Within the listing below, the lines to output run from the one containing "living room featuring" through the one containing "Vintage bronze elephant"; copy them exactly and nothing else.

— RECORDS PROVIDED —

>>>>

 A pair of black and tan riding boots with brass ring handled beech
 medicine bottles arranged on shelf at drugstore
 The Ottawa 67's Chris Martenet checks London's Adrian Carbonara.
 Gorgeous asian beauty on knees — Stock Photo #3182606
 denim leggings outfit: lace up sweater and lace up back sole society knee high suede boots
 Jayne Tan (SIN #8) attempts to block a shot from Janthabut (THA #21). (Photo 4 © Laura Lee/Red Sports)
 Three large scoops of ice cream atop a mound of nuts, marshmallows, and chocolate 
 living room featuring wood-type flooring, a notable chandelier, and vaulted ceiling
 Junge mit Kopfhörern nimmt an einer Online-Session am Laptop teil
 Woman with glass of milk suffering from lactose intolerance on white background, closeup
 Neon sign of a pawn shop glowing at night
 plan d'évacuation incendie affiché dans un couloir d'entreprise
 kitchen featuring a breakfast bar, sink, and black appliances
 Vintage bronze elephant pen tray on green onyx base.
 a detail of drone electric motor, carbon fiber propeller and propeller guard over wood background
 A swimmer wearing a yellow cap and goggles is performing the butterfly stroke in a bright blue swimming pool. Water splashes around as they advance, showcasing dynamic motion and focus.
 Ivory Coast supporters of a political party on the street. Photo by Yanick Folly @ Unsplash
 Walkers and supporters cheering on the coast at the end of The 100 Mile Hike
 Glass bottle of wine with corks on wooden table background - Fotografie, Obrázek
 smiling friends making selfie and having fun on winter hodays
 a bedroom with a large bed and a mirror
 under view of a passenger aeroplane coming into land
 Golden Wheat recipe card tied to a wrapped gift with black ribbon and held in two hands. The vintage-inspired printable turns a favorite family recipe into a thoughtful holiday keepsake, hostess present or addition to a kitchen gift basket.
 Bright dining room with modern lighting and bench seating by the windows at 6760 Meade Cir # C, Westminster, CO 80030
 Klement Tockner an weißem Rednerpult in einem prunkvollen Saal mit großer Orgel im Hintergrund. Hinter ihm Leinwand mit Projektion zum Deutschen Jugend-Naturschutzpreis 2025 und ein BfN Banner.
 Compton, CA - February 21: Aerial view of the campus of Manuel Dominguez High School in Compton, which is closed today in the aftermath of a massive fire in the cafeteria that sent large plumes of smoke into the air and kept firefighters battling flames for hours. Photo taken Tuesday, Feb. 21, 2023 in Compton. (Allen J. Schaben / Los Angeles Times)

<<<<

— COMPLETED EXERCISE —
 living room featuring wood-type flooring, a notable chandelier, and vaulted ceiling
 Junge mit Kopfhörern nimmt an einer Online-Session am Laptop teil
 Woman with glass of milk suffering from lactose intolerance on white background, closeup
 Neon sign of a pawn shop glowing at night
 plan d'évacuation incendie affiché dans un couloir d'entreprise
 kitchen featuring a breakfast bar, sink, and black appliances
 Vintage bronze elephant pen tray on green onyx base.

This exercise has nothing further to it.